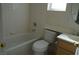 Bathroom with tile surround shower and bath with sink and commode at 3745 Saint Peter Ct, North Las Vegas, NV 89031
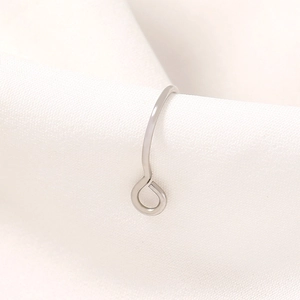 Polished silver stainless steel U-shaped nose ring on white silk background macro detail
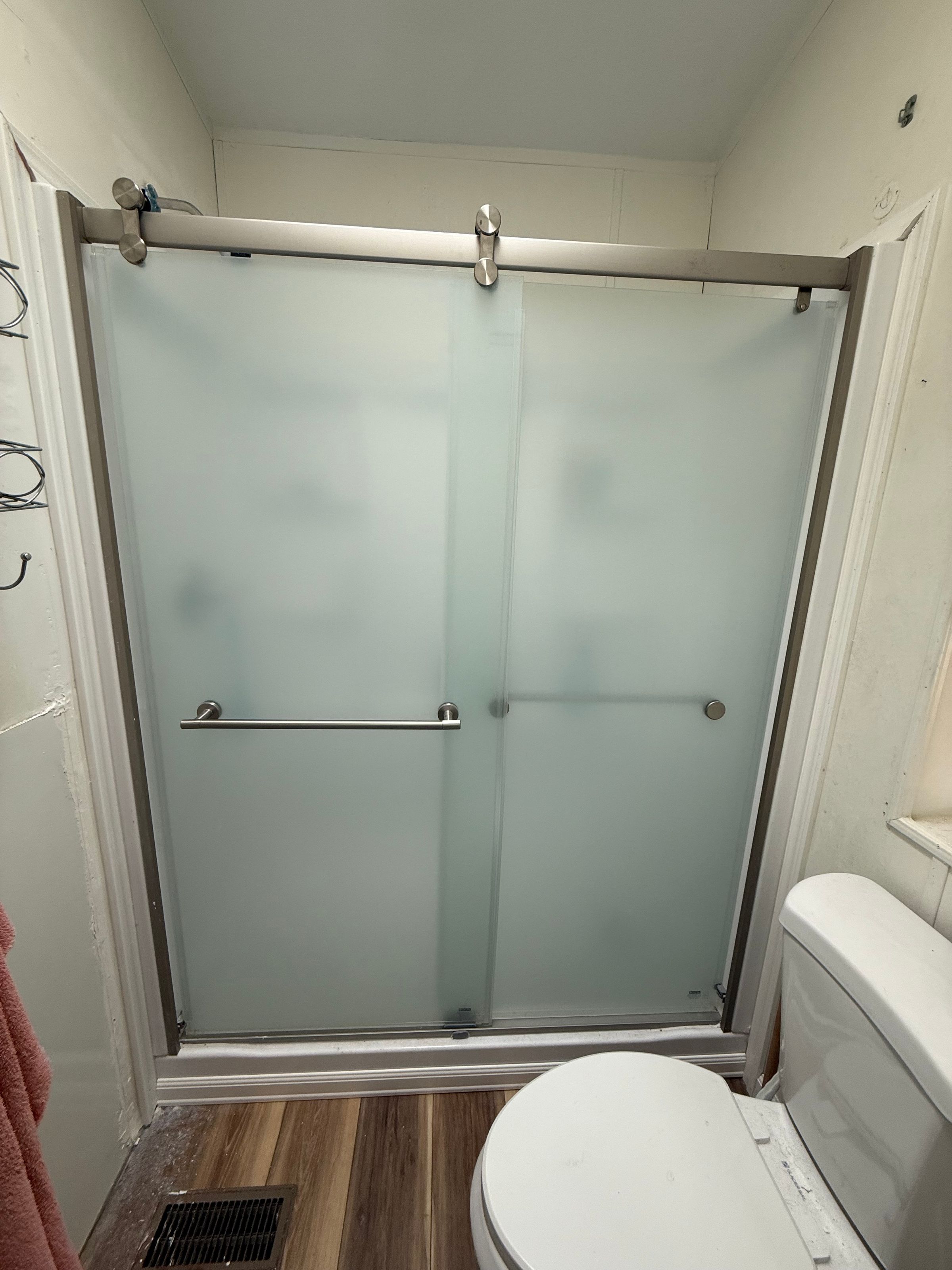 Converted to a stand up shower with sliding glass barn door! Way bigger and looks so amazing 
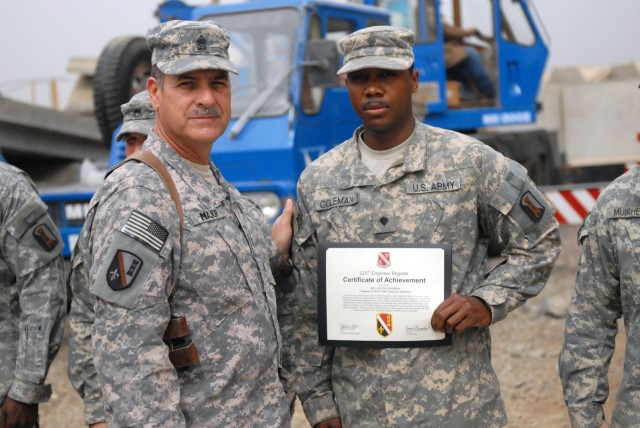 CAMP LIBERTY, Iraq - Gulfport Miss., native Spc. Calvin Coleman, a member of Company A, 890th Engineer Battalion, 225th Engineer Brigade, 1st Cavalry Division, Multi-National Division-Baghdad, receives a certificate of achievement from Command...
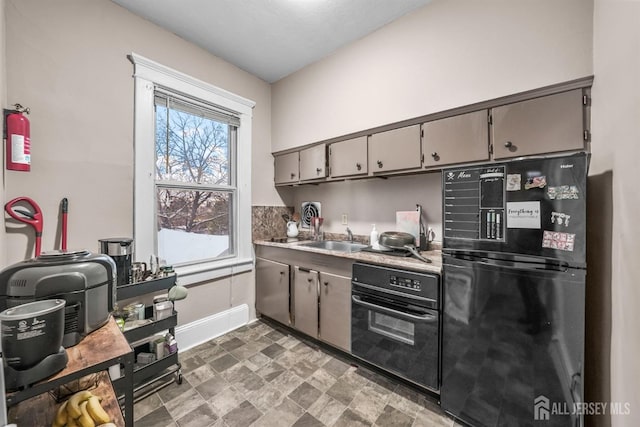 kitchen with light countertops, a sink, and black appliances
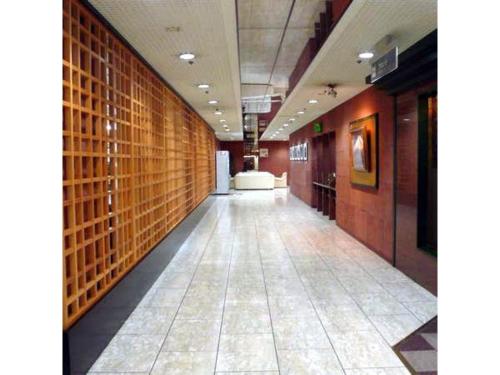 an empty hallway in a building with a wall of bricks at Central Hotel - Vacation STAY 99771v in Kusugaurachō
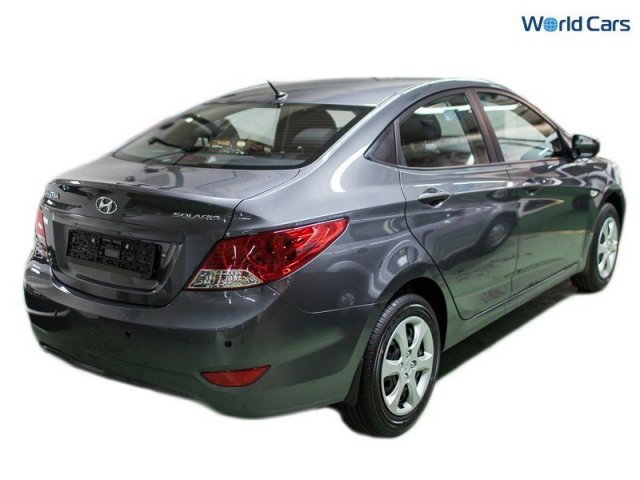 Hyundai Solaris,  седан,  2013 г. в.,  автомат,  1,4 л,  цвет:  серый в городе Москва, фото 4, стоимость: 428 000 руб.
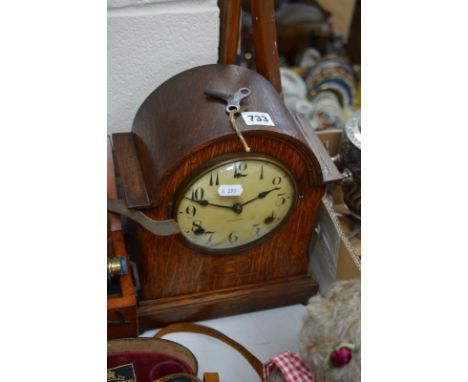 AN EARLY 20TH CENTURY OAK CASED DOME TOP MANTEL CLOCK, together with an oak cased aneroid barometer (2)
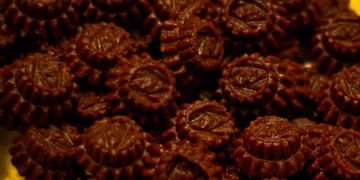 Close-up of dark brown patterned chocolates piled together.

☆ ☆ ☆ ☆

■ **Task**
Beginning with the line that bears "CAMP LIBERTY, Iraq", output each line through the last line of the listing exactly, and no others; skip the pictures.

■ **Response box**
 CAMP LIBERTY, Iraq - Gulfport Miss., native Spc. Calvin Coleman, a member of Company A, 890th Engineer Battalion, 225th Engineer Brigade, 1st Cavalry Division, Multi-National Division-Baghdad, receives a certificate of achievement from Command...
 kitchen with light countertops, a sink, and black appliances
 an empty hallway in a building with a wall of bricks at Central Hotel - Vacation STAY 99771v in Kusugaurachō
 Hyundai Solaris,  седан,  2013 г. в.,  автомат,  1,4 л,  цвет:  серый в городе Москва, фото 4, стоимость: 428 000 руб.
 AN EARLY 20TH CENTURY OAK CASED DOME TOP MANTEL CLOCK, together with an oak cased aneroid barometer (2)
 Close-up of dark brown patterned chocolates piled together.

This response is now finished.